Not only that, he's really helpful on the Golang Google group in answering questions to all programmers, new & old. What really hooked me onto Go was both the helpfulness of the Google group as well as the nice people on #gonuts.
> What really hooked me onto Go was both the helpfulness of the Google group as well as the nice people on #gonuts
Same here, which is why I like to idle in the channel when possible (and occasionally answer questions when I can).
People often underestimate how much impact the community behind a language has. The Go community has been one of the friendliest, and also one of the most willing to share its knowledge.
FYI, it's #go-nuts, just in case anybody reading this is inspired to check it out.
I find the Ruby community is still very friendly (maybe I am just reading too much into the past tense of your statement) and I was so delighted when I found out that the Go community was the same.
When reflecting at certain events a few years ago I remember that I was put off from learning <a language> because I stumbled upon some hostility within the community (I was just an observer in the incident, but it still affected me).
Reading some of the comments made me realise the friendly community and "healthy ecology" of a programming language are very important (Disclaimer: that's my personal experience).
OT: if Google thinks you have an account (based on a cookie I guess) it requires you to login to access this document. So you either need to login or delete the cookie or enable incognito/private mode to access the document.
Why doesn't google treat non-logged in users the same as those w/o an account?
> Why doesn't google treat non-logged in users the same as those w/o an account?
I wager what they actually want to do is treat those without an account the same as those who are not logged in, but realize they can't get away with that quite yet. (That is to say, I suspect that they would like to turn away all users without accounts.)
I'd assume (and I have no insider knowledge) that it's because Google assumes if you have a Google account that you probably want to be logged into it when using Google products.
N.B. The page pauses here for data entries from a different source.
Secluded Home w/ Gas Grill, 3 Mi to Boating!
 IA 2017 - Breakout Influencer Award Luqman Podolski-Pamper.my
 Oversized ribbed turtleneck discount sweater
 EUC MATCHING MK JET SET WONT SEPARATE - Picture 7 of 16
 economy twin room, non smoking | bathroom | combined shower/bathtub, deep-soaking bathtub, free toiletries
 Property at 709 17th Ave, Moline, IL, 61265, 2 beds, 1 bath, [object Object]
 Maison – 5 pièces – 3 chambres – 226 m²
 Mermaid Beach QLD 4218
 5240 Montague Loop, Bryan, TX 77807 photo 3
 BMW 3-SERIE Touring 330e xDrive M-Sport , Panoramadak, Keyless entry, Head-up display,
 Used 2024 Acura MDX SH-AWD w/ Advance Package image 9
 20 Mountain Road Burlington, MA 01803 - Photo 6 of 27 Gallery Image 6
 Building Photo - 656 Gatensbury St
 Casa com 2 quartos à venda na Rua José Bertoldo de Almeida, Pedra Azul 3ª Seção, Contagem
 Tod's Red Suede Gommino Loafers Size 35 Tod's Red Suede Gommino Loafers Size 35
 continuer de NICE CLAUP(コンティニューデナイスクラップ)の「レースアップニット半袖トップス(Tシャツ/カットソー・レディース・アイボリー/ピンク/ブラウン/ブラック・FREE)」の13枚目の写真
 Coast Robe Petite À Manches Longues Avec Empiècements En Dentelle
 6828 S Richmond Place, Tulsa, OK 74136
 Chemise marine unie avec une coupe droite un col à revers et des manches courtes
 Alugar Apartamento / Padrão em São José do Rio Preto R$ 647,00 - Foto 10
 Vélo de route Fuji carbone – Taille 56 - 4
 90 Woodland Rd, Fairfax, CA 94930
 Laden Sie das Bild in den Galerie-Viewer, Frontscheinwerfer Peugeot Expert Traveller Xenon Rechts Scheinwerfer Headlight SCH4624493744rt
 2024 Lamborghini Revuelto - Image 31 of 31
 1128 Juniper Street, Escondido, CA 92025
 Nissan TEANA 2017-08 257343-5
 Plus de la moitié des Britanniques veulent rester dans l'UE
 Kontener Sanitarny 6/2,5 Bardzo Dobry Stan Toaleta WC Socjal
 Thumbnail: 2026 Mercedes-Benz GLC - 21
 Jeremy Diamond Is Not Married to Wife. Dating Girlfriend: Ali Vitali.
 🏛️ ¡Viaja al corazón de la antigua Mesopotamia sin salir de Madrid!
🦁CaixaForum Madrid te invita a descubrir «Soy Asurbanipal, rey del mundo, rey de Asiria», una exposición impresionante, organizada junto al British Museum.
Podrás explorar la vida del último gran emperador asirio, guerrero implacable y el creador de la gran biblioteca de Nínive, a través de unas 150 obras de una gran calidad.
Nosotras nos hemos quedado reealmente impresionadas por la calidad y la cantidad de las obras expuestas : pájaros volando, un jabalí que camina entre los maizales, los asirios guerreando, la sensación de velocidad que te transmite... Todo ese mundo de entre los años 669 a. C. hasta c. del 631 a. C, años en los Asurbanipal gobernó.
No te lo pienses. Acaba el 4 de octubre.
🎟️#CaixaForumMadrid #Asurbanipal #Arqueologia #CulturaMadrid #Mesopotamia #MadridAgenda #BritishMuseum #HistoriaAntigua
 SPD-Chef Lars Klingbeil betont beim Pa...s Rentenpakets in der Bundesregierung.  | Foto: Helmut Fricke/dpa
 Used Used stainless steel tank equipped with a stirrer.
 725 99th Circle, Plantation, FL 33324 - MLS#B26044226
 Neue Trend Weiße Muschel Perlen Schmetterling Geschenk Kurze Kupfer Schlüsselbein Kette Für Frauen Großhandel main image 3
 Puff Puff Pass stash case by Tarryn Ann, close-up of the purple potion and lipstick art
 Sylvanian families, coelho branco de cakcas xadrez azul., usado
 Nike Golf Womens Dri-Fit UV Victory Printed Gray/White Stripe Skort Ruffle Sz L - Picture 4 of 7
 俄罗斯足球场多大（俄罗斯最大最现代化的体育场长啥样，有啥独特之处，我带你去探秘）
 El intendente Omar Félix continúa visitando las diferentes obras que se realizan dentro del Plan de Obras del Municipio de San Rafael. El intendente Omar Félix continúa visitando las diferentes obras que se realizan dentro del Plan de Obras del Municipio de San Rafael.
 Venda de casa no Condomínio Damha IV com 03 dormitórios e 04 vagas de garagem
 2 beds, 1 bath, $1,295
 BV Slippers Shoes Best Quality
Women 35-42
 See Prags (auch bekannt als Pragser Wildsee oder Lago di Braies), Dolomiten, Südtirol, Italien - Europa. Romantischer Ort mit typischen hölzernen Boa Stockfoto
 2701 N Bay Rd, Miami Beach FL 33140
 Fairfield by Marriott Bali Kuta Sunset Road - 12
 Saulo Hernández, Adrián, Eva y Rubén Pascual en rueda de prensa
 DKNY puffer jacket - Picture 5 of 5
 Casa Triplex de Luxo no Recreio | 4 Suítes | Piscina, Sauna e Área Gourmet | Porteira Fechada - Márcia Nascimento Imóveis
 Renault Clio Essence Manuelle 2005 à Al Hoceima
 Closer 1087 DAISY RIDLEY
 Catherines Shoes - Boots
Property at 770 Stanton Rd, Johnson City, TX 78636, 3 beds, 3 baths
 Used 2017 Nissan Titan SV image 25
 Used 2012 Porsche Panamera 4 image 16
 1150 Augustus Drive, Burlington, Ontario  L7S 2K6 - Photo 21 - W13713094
Otherwise it would suck if you tried to do something that requires an account and were told "log in" and then had to refresh the page, potentially losing state. The up-front login avoids some usability issues there. (Of course there are many ways to approach this, this is merely my hypothesis.)
With some insider knowledge: Because this document is commentable for (some) Googlers, though you don't see the comments on the /pub version that is accessible externally. Docs would rather force you to verify your state (Logged in or anonymous) than having some things 'not work' because you're expecting permissions from login cookies you don't have.
No it doesn't. Visit it in an Incognito window if you don't believe me.
It's asking for your password because you apparently do have a Google account and it wants to verify your identity before it lets you access things that are tied to your account.
In the abstract, sure; but what it was doing before was also "closure conversion". The interesting bit is in the specific implementation details.
Closures need the combination of code and data. There are multiple implementation strategies to pair the two together though. Delphi, for example, has implemented method pointers for a very long time as a pair of pointers, one code and one data.
When I added anonymous method support, that wouldn't fly because it doesn't handle account memory management (Delphi is not garbage collected). So I implemented a different form, using COM-style interfaces, where the code pointer is the first method after QI, Addref and Release. Since Delphi had auto-refcounting support for COM pointers, this solved the dynamic closure allocation problem; and since it was language independent, it solved the C++ interop problem.
Not much to look at, but you can easily play with bound instance methods like the r.Read example in the doc at the playground: http://play.golang.org/p/lnfidH3usx
iOS actually doesn't have a restriction as strict as this: you can take a page of memory and map it again without issue. This is the technique used by imp_implementationWithBlock, and current versions of libffi can generate closures based on the technique.
Regardless, the main issue that was preventing Go from running on Android was the linker's inability to link go pkgs as a shared library. Fortunately support for external linking on ARM is scheduled to land in the go1.2 release.
is 10 possible combinations of function and call a good thing? it seems odd to me. are other languages like that? having such a large number(?) seems to imply that the language has lots of special cases. which is worrying, isn't it? wouldn't it be better (all other things being equal) to have a smaller number of ways that function calls work?
It's fine since all the detailed goop is at the implementation level. Programmers need not care.
Making a distinction between known and unknown calls in the implementation is not only a good thing, but in a language with first-class functions it is all but inevitable because the performance win is so large. (The majority of calls are known, and known calls can be compiled significantly more efficiently than any general purpose call machinery.)